Click here to listen to the Carhartt WIP Radio Show featuring DJ Gigola.
It all points back to connection for DJ Gigola aka Paulina Schulze, whether it’s in dovetailing BPMs, advocating for her community, or understanding the link between meditation and the club experience. “As an artist, I'm mainly interested in making new connections between things, shifting the grid and finding a new context,” she says.
Growing up in Berlin, DJ Gigola was exposed to the city’s famed nightlife from an early age, her memory imprinted with visions of colorful Love Parade partygoers and weekend open-air sessions. Like many of her peers at the time, DJ Gigola was inspired to learn how to mix and make electronic music. “I never thought I’d become a professional DJ one day, especially growing up in Berlin,” she says. “I just focused on enjoying it and staying in the moment, instead of trying to turn it into a career.”
In spite of this, DJ Gigola began rising through the ranks of the local dance scene in 2016, playing renowned clubs like Griessmühle, Paloma Bar, OHM, and Wilde Renate. She became known for her eclectic, high-octane club sets, which featured everything from techno, house and percussive rhythms, to hit pop records. In the same year, she joined local artist collective and independent record label Live From Earth, run by a close-knit group of musicians and producers ike Nene H, horsegiirL, MCR-T, Bauernfeind, or Kev Koko.
DJ Gigola has released a string of EPs, remixes and collaborative projects, such as In The Mood, as well as Tender Trance and No Es Amor with fellow Live From Earth artist Kev Koko and Perra Inmunda, sealing her reputation as one of the most exciting new acts on the international circuit.

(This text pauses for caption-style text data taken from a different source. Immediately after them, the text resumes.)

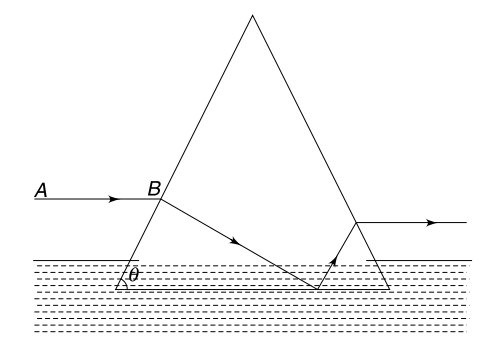 Total internal reflection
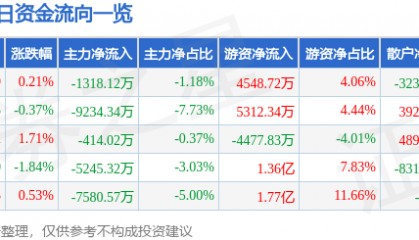 股票行情快报：上汽集团（600104）9月9日主力资金净卖出1318.12万元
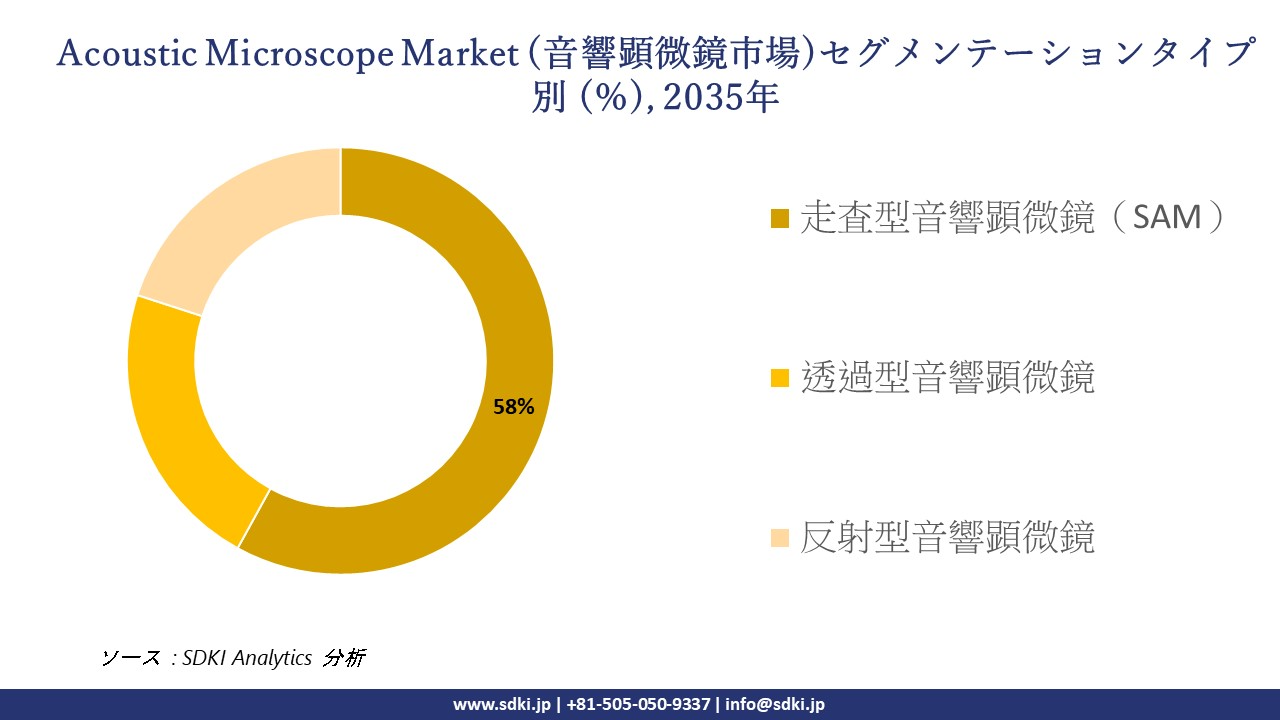 acoustic microscope market segmentation survey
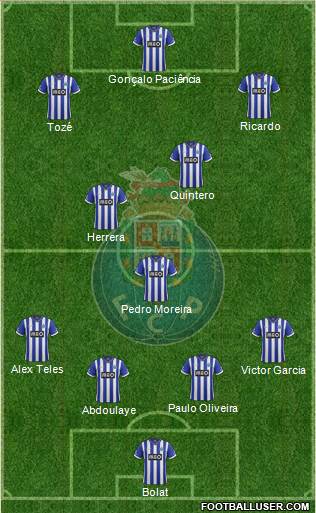 Futebol Clube do Porto - SAD Formation 2014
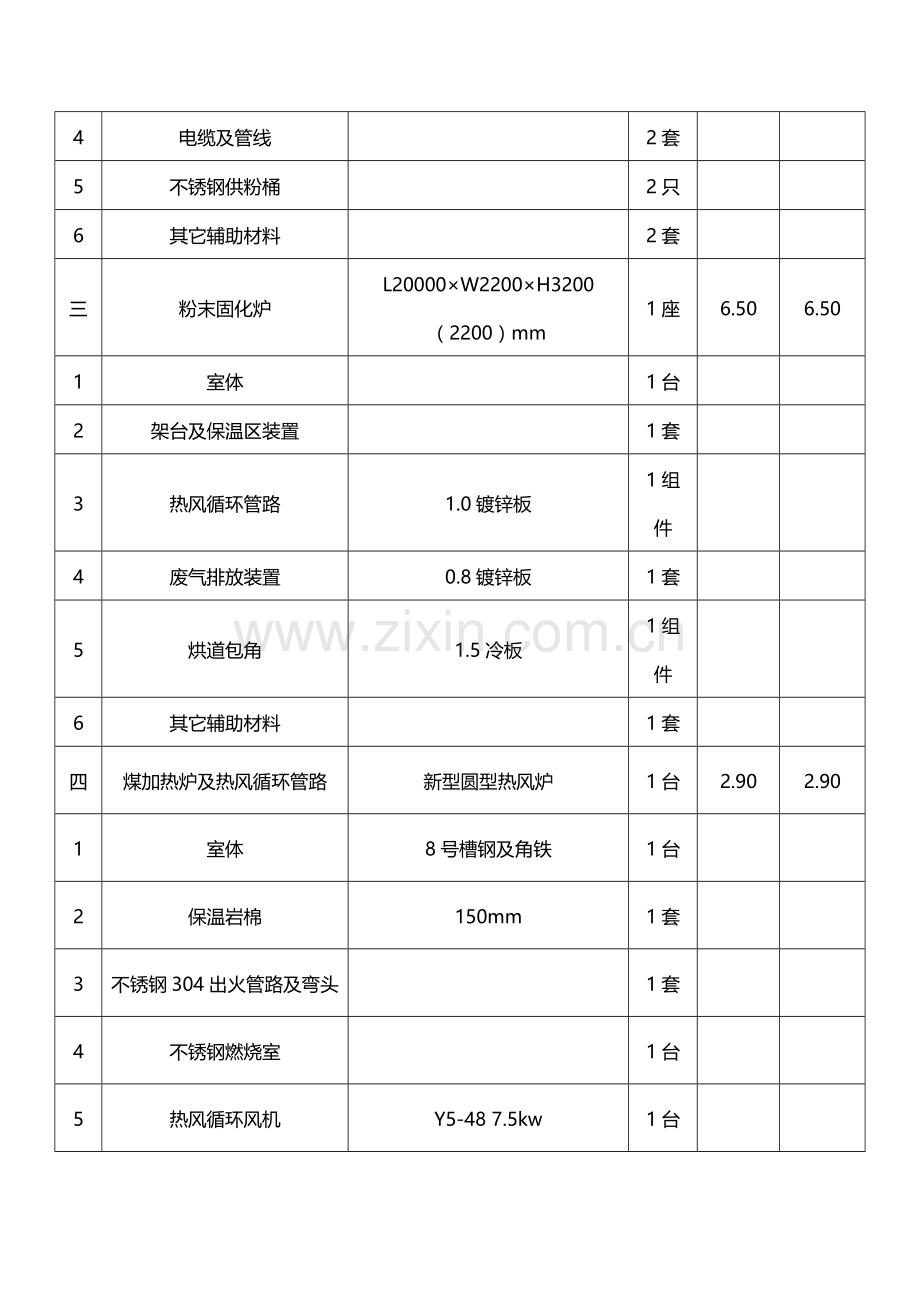 湖南路灯手动喷粉生产线报价表11.doc_第2页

In anticipation of the release of her introspective dance album Fluid Meditations, out on February 3rd, DJ Gigola prepared a mix for Carhartt WIP Radio, which unlike her debut LP, features speedy Berlin techno, gabber, hardcore and trance, courtesy of a selection of Live From Earth Klub artists. Accompanying the show is an interview with the artist, who discusses how a recent leg injury led to a shift in perspective, the potential effects of ASMR on the dancefloor, and what her predictions are for the ‘sound of tomorrow.’
How did your 2023 begin and what does the next 12 months look like for you?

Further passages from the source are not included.